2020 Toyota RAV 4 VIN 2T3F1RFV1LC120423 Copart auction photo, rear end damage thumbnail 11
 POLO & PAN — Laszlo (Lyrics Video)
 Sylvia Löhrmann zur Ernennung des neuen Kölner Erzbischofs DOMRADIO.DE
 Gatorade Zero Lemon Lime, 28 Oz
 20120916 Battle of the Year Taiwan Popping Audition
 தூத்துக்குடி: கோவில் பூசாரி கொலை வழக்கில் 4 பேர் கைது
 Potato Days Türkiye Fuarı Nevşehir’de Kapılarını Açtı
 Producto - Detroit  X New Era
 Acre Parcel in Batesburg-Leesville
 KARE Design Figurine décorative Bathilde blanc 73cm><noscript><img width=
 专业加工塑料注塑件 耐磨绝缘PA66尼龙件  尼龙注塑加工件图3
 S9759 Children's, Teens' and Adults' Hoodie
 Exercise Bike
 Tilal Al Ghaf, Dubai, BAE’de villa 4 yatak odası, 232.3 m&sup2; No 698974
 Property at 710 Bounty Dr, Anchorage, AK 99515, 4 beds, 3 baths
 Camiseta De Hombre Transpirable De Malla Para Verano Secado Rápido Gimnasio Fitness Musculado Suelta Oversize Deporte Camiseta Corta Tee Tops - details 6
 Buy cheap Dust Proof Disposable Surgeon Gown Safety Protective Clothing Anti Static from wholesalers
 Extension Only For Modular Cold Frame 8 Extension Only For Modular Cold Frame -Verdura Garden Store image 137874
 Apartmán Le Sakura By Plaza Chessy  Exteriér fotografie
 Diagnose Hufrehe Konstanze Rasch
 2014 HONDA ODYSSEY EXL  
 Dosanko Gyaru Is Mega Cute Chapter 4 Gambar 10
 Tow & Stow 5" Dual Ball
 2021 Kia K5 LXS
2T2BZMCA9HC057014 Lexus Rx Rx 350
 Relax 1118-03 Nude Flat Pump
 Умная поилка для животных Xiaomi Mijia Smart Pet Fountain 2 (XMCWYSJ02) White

──────

Look through the data above and return exactly the lines from the one that contains "Gatorade Zero Lemon Lime, 28 Oz" to the one that contains "S9759 Children's, Teens' and Adults' Hoodie", inclusive, with nothing else.

 Gatorade Zero Lemon Lime, 28 Oz
 20120916 Battle of the Year Taiwan Popping Audition
 தூத்துக்குடி: கோவில் பூசாரி கொலை வழக்கில் 4 பேர் கைது
 Potato Days Türkiye Fuarı Nevşehir’de Kapılarını Açtı
 Producto - Detroit  X New Era
 Acre Parcel in Batesburg-Leesville
 KARE Design Figurine décorative Bathilde blanc 73cm><noscript><img width=
 专业加工塑料注塑件 耐磨绝缘PA66尼龙件  尼龙注塑加工件图3
 S9759 Children's, Teens' and Adults' Hoodie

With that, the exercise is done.